PROBLEM DESCRIPTION> Find the line with "Englische Rose 'Winchester Cathedral' ® 6" in the data below. Repeat it and every line after it exactly, but not the pictures.

RECORDS TO USE>

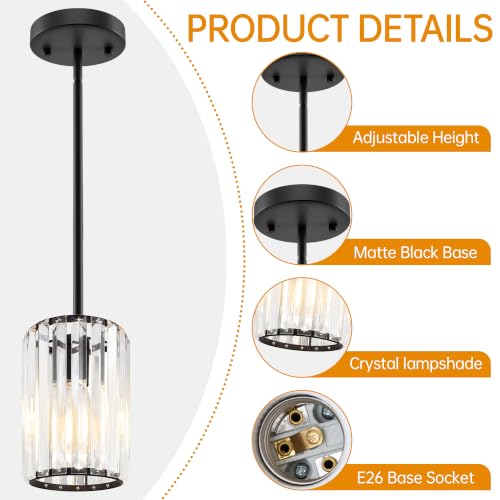 Black Pendant Light (2 Count)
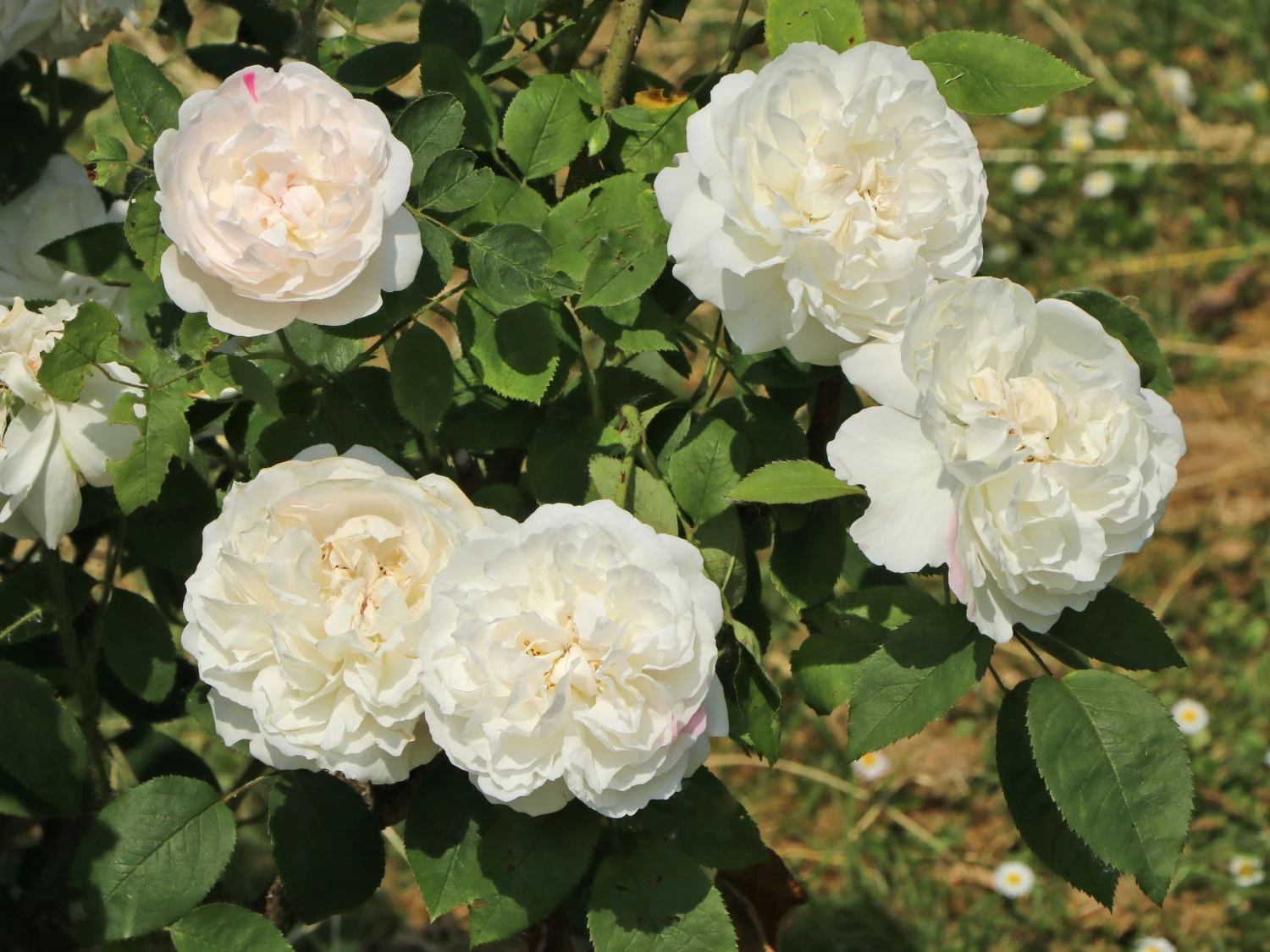 Englische Rose 'Winchester Cathedral' ® 6 Englische Rose 'Winchester Cathedral' ® – Bild 6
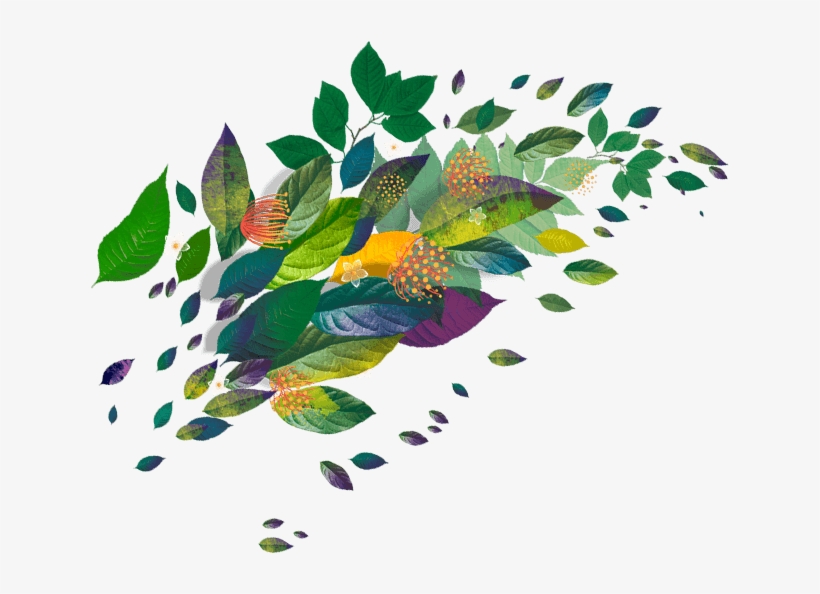 We Challenge You To Stop Drinking Coffee For 30 Days - Guayusa Png, transparent png download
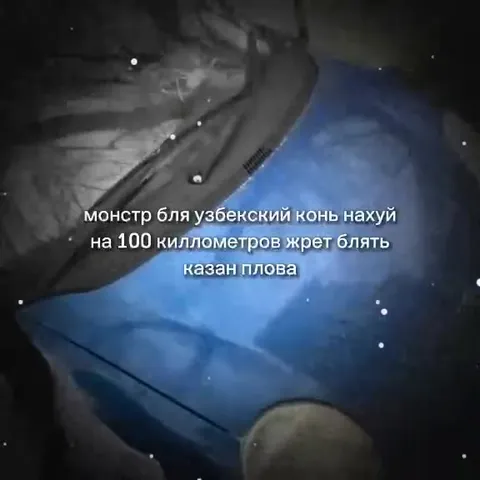 Монстр — узбекский конь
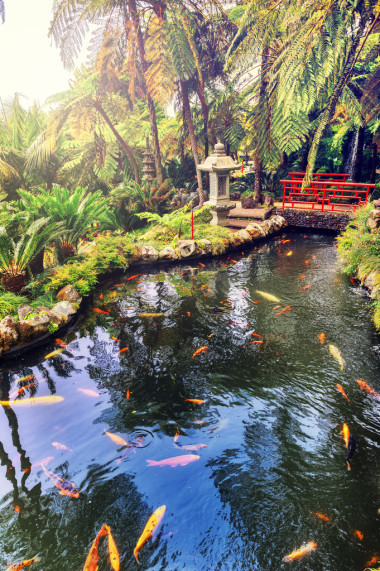 日本花园与游泳锦鲤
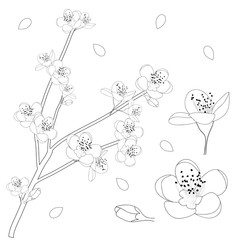 Prunus persica Outline - Peach Flower Blossom. Vector Illustration.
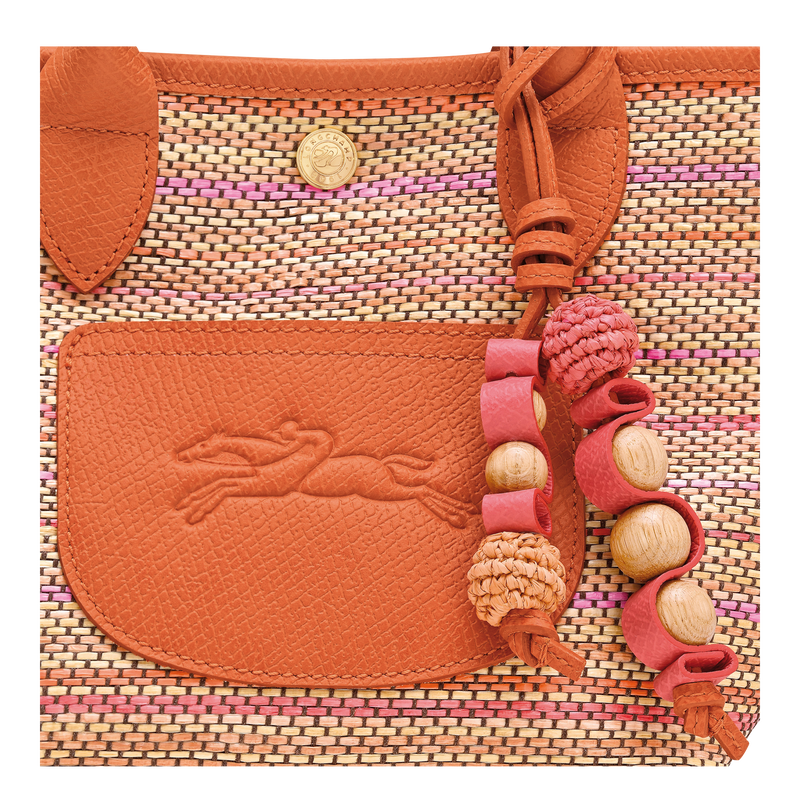 Le Pliage Collection XS Basket bag , Rainbow - Canvas  - View 5 of  5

ANSWER AREA>
 Englische Rose 'Winchester Cathedral' ® 6 Englische Rose 'Winchester Cathedral' ® – Bild 6
 We Challenge You To Stop Drinking Coffee For 30 Days - Guayusa Png, transparent png download
 Монстр — узбекский конь
 日本花园与游泳锦鲤
 Prunus persica Outline - Peach Flower Blossom. Vector Illustration.
 Le Pliage Collection XS Basket bag , Rainbow - Canvas  - View 5 of  5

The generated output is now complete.